> _Task details_
I'd ask you to write out the lines below exactly, with no images.

> _Collected material_
_ _ _ _ _ _ _

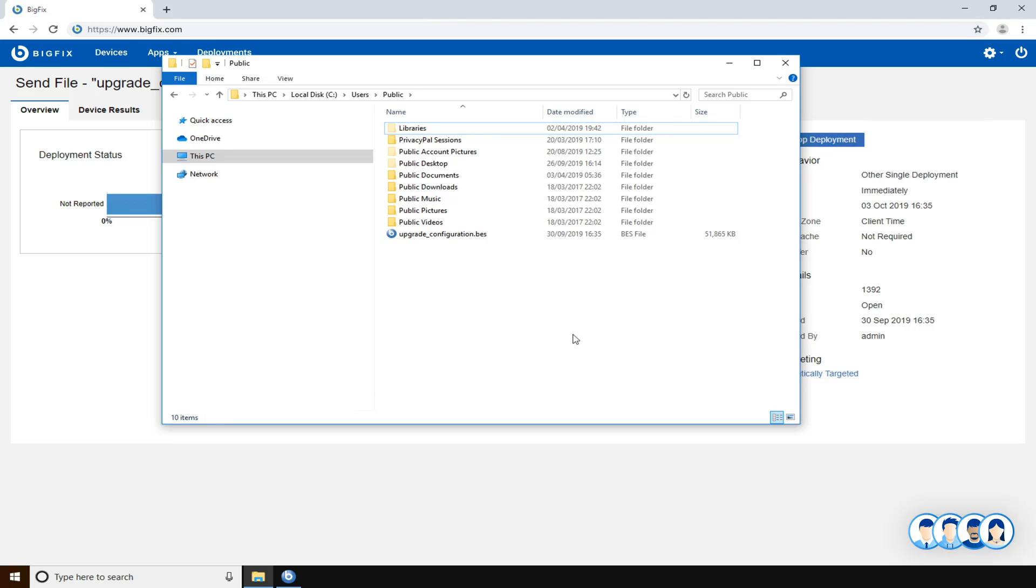As you can see, the file has been downloaded by the target, and now you can use the new file on the target machine.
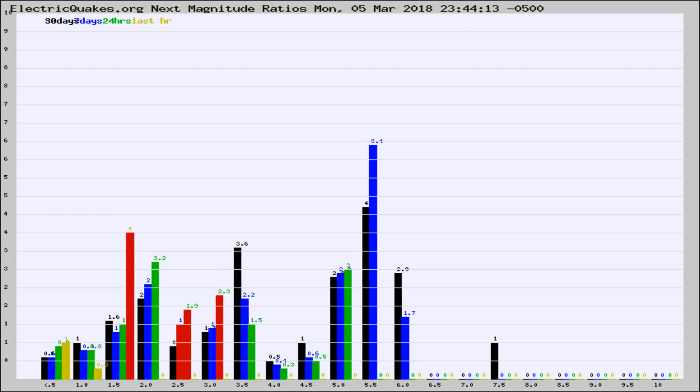If it changes between the last 30 days, 7 days, 24 hours, and last hour, it may indicate something unusual happening in that area. This is worldwide.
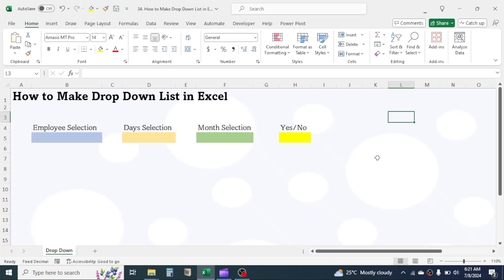This can help ensure data consistency and accuracy, especially in large spreadsheets or when multiple users are inputting data. On the screen, you can see four examples of drop-down lists.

_ _ _ _ _ _ _

> _Response below_
As you can see, the file has been downloaded by the target, and now you can use the new file on the target machine.
If it changes between the last 30 days, 7 days, 24 hours, and last hour, it may indicate something unusual happening in that area. This is worldwide.
This can help ensure data consistency and accuracy, especially in large spreadsheets or when multiple users are inputting data. On the screen, you can see four examples of drop-down lists.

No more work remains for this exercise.